今天看到复旦大学校长发表言论说,中国的大学问题严重,至今中国没有一所世界一流大学,而且以后的很长时间也很难。这可能有现实的问题,但一定有其深层的历史文化的问题需要探究,与上面实际上是同一个命题。
实际上犹太人或犹太教民在欧洲一直受到法律的明令制裁,直到20世纪才获得不同程度的法律“解放”(普遍是1870年之后)。对于1870-1950年期间西方各个学科重要人物统计表明,1277个人物中他们至少占据了158人——且主要分布于哲学、数学、物理学,实际上按照人口比例仅只28人就足够了,又是一个超额。
就诺贝尔奖,在20世纪下半叶犹太人在获得彻底"解放"后获得的科学与文学奖中占据了29%的份额,华裔占据的数额之少根本毋庸统计,非常之低(可能在2%左右)。

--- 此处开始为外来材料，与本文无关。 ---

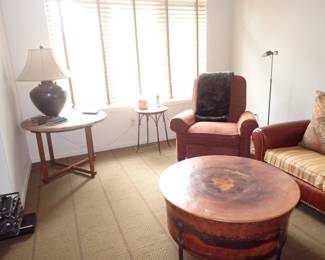 RD COPPER COFFEE TABLE - SIDE CHAIR - SOFA- LAMP LAMP TABLE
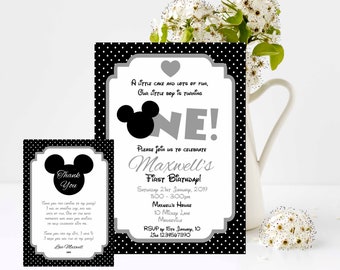 Mickey Mouse 1st Birthday Invitation  Birthday Invitation,  Edit and Print your own Invitation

所以,在今天过多中国人将一些埋怨投射到科学与文学之外的外部社会环境时,尤其是过去一百年内激进地进行政治改革抱太高希望时,我觉得这方面可能是个问题,但不是全面和全部的问题。中国人对于自己的历史文化过于宽容而缺乏深度批判,永远把责任简单地归于政治落后完事,每当看到这些倾向我就会异常抗拒,因为我所知道的数据并不支持这样的结论——起码它太简单了。
假如要以1950年之前的半个世纪比较的话,当时犹太人刚刚“解放”不久,释放的空间有限,犹太人对世界文明的贡献比率是14%,依然远远高出0.5%的人口比值。要知道犹太人所受到的压抑是真正的民族歧视,不是一般性的政治压力。